Таким образом, немасон не может сказать: «Нет никакого способа для меня узнать эти тайны», потому что на самом деле он может это сделать, если захочет, — хотя вне контекста он не будет способен понять их. Именно этот фактор не только «поддерживает репутацию общества как тайного», как сказал Великий Мастер, но, на мой взгляд, усиливает постоянное напряжение не только между масонством и общественным мнением, но и прежде всего внутри «коллективного сознания» самого масонского общества[1]. Напряжение возникает из конфликта между знанием о масонстве, которым обладает публика, с одной стороны, и непониманием ею того, что она знает, и невозможностью такого понимания — с другой. Это напряжение пассивно усиливается самим институтом франкмасонства, поскольку масонство не может не чувствовать, что такова цена, которую оно должно платить за свою весьма удобную автономию и отдельность от остальной части человеческого сообщества. Такая цена не может быть слишком высокой[2]. В то же самое время именно это напряжение постоянно генерирует осознание масонами самих себя как людей, обладающих знанием, которое не является доступным для всех, которым нельзя делиться с другими (или даже, в зависимости от степени, с другими масонами), но которое носит совершенно исключительный характер.

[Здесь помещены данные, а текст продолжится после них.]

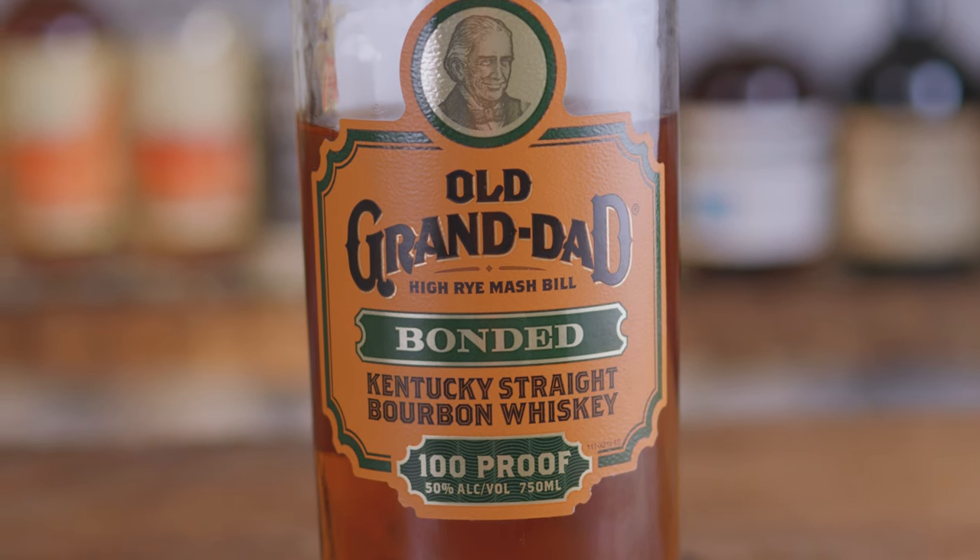It goes really well in a Gold Rush cocktail — the honey and lemon juice really complement this specific bourbon. It's definitely a bourbon upgrade worth buying. Your Old Granddad is your essential mixing bourbon; this is your good sipper.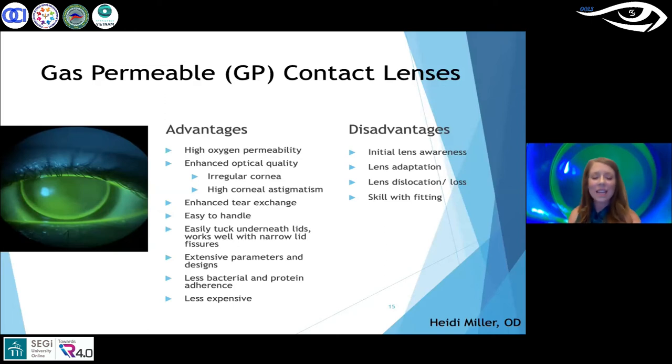Some disadvantages of GP lenses are initial lens awareness, an adaptation period, and the possibility of lens dislocation. As practitioners, fitting takes a bit more skill — you need to check fluorescein patterns and may need to make modifications. However, children actually adapt much more quickly than adults. If parents report the child is rubbing their eyes a lot, tearing, or irritated, those are signs something needs to be modified.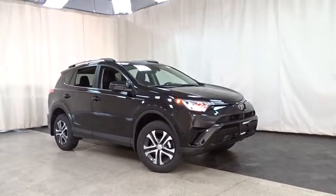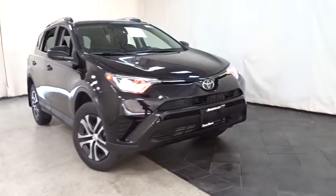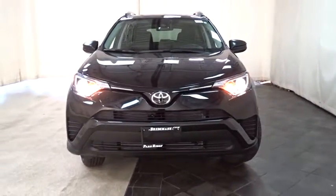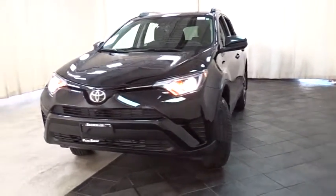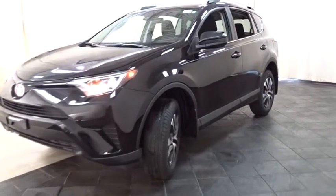The 2017 Toyota RAV4. The RAV4 is one of the most fuel-efficient SUVs in its class. Versatile and efficient, RAV4 mixes the comfort and drivability of a sedan with the benefits of an SUV. This highly evolved, well-packaged crossover SUV lets you have it all.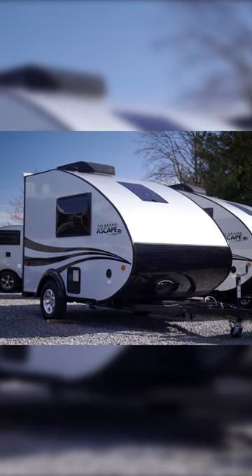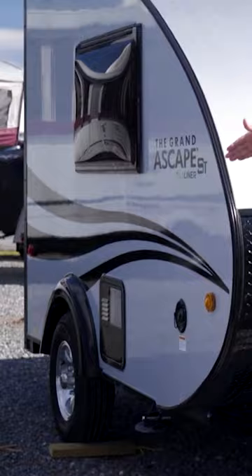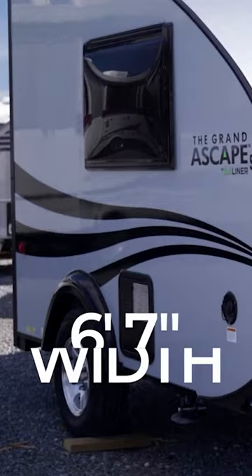Today we're going over the A-Liner A-Skate. Let's go check it out. Total length: 14 feet. Total height: 8'4", and the total width: 6'7". That is awesome to be able to go anywhere you want on the grid, at a campground, or even in your driveway.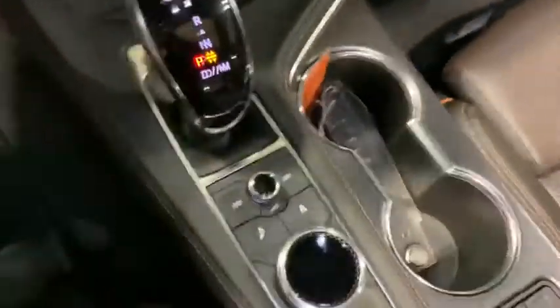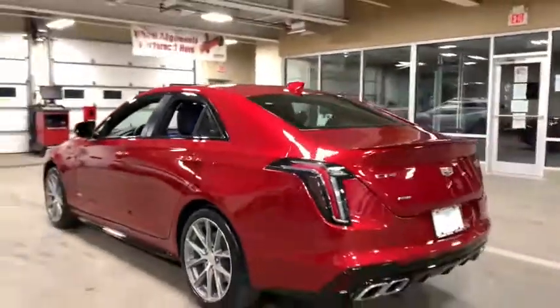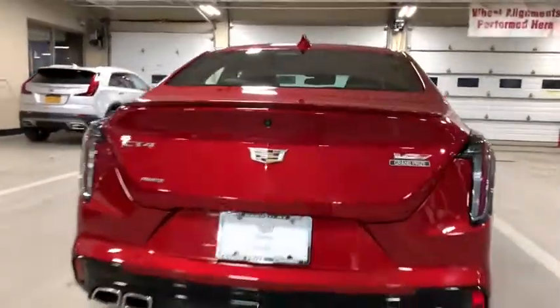Driver and passenger airbag, four-wheel disc brakes, cruise control, universal garage door opener, center armrest, trip computer, compass, heated front driver and passenger seat, rear window defroster, power windows, electronic stability control.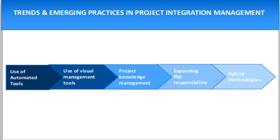Please subscribe to my YouTube channel and click on the bell option so that my new videos can reach you. You can also follow me on the Facebook page. The project integration management knowledge area requires combining the results from all other knowledge areas.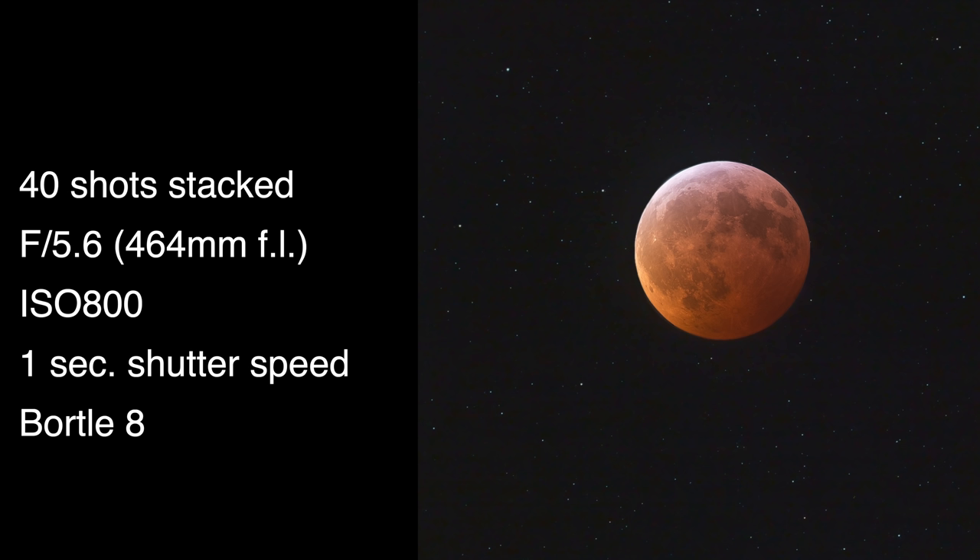Please take those settings — f5.6, ISO 800, and one second — as just a very rough starting place, because every total lunar eclipse is different. Some are brighter, some are darker, and you're going to have to adjust the shutter speed yourself on the night of the actual eclipse to find the right exposure value. If it's a very dark eclipse, you may be doing 10-second or even 20-second exposures; if it's very bright, it might be under a second. I'd always recommend shooting RAW because then even if you're a bit over or underexposed, you can make up for that in the camera RAW converter.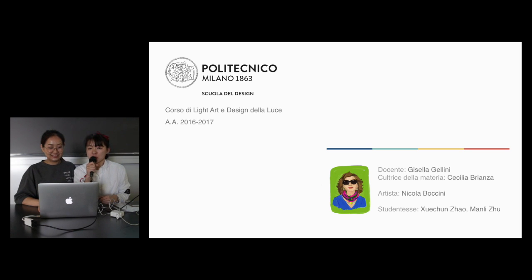Hello everyone. My name is Elsono Mani Zhu. Hi, my name is Xu Xu. Today we are going to talk about the light artist. It's about Nicola Bocchini.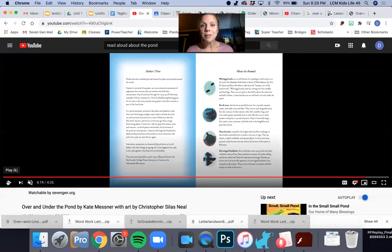Here is a little bit about the animals on this page. Whirly-gig beetles are well known for speeding in wild circles over the water — they call them the bumper cars of the beetle world. Brook trout, also known as speckled trout, live in ponds, streams, creeks, small rivers, and lakes; they eat dragonfly larvae, other insects, fish, crayfish, frogs, and even small aquatic mammals like voles. Painted turtles are named for the bright red and yellow markings on their bodies and shells, and love to bask in the sun on logs. Red-winged blackbirds often build their nests near ponds or other wetlands and like to perch on the cattails.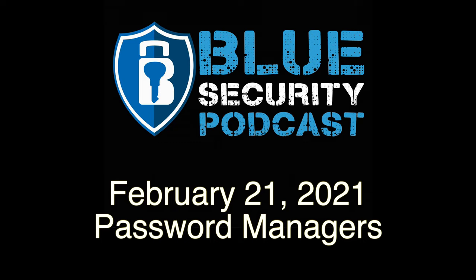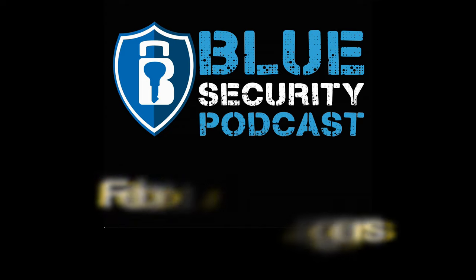Welcome to the Blue Security Podcast, a weekly podcast for information security defenders, where we bring you discussions on best practices, tools, and implementation for enterprise security. Here are your hosts for today's show, Andy Jha and Adam Brewer.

Другой аспект той же проблемы является более специфическим и касается только тех немасонов-монотеистов, которые озабочены чистотой христианства в Британии (и, еще более того, в Америке). Он может также беспокоить некоторых масонов-христиан, у кого присутствуют сомнения относительно нехристианского характера масонских ритуалов и символики. К сожалению, сам термин «идолопоклонство» употребляется исключительно как выражение христианской критики; он не может быть использован как термин, описывающий религиозное самосознание человека (попытайтесь представить себе члена африканского племени, который говорит: «Да, кстати, я не забыл сказать, что я анимист?»).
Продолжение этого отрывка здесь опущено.